I missed the flags, and I got annoyed with myself for spiralling - but as soon as I caught myself, I was able to take a beat, do some journalling to realise why I’m feeling the way I did:

Here’s what I did do right:

  • I caught the spiral earlier than I used to
  • I kicked in some supports - meditation, sleep, a guilt-free day off, reaching out to friends and a coach
  • I took time to journal and reflect and give myself a hug by seeing it was a normal reaction to what is / has happened.
  • Appreciated that it’s been a while since I ‘let myself’ get this bad (ie no-one else was responsible)
  • Went back and search for the flags and made note of how and why I missed them
  • Remembered that personal growth and responsibility is not a destination but a practise. It gets easier but it is a practise that takes repeated re-commitment.

Yes I am a coach and yes, I know way more about mindset, self-care, boundaries, goals, living life by design, not default than most people who haven’t studied psychology.

But also, I am a human woman in the midst of midlife with all it’s pressures, positives, negatives, trying her best to live the best life she can, given whatever circumstances she is dancing in - the rain, the shit-storms, the sun and the calm days.

I have a coach to help me stay on track because having someone (mentally and emotionally) hold me in a safe space where I can explore who I am and what I want is the most important investment I have made.

I also have a CBT counsellor that I use sporadically when I need that space too to delve deeper into why I am feeling or behaving a certain way.

I also have a business mentor who acts as a sounding board and guide when I’m feeling like an imposter.

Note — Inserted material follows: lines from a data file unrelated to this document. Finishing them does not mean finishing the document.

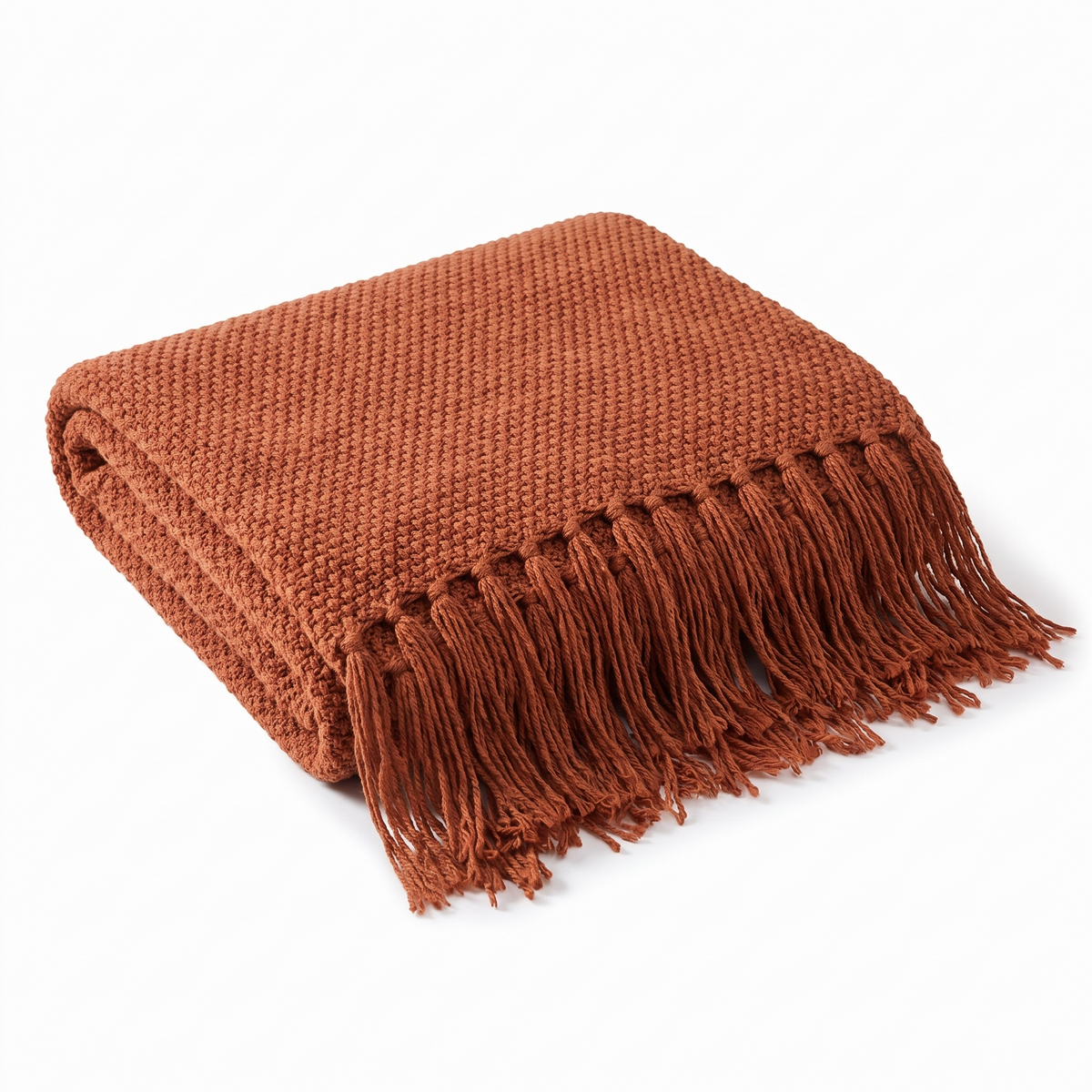 Uelzen knitted tassel throw in rust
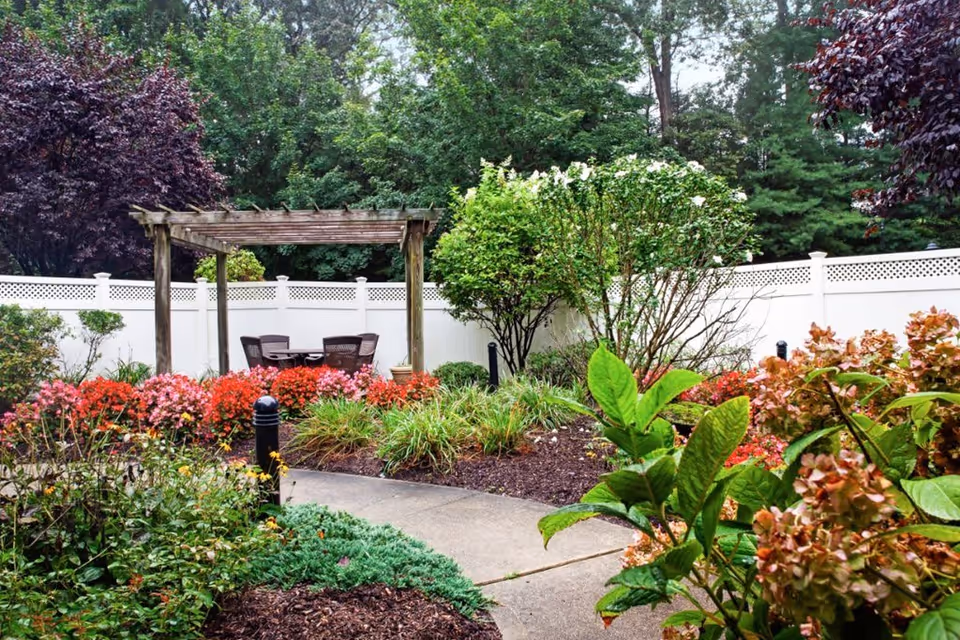 A garden area with a concrete pathway leading to a wooden pergola with a table and four chairs underneath. The garden is filled with various colorful flowers, shrubs, and green plants, surrounded by a white fence and tall trees in the background.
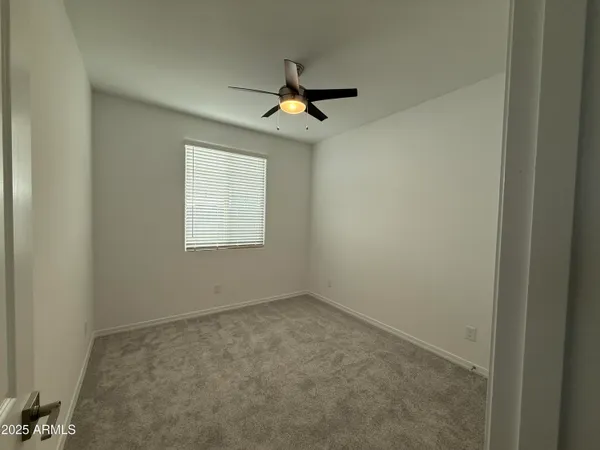 an empty room with windows and fan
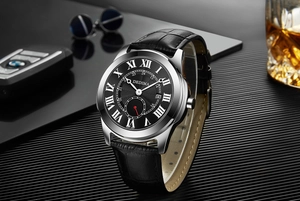 Close-up of DEDIMA men's watch with Roman numerals, calendar, and black leather strap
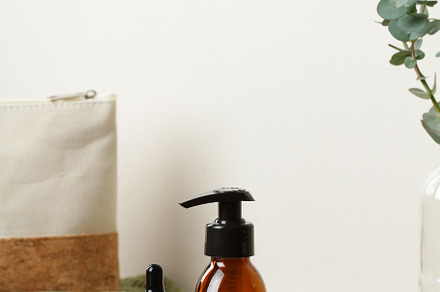 Brown amber glass cosmetic bottles on wooden tray on table with cosmetic bag an, a Health & Medical Photo by photoguns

I have networks around me - business and personal, that spring me up like a trampoline, and catch me when I need to be caught.

Like most women, I am so many things to so many people. I cannot do any of it alone.

That is why I’m the MidLife coach. Not because I’m perfect but because I travel this road. I know every bump, every pothole, I’ve fallen off into the ditch, I’ve been inspired by the nature along the sides, I have battered against the hailing rain and pushed against the worrying winds, and have skipped in the shining sun and meandered under the clear cloudless skies, and kept going in the dark damp fog.

I walk this path of midlife. That’s why I’m this coach.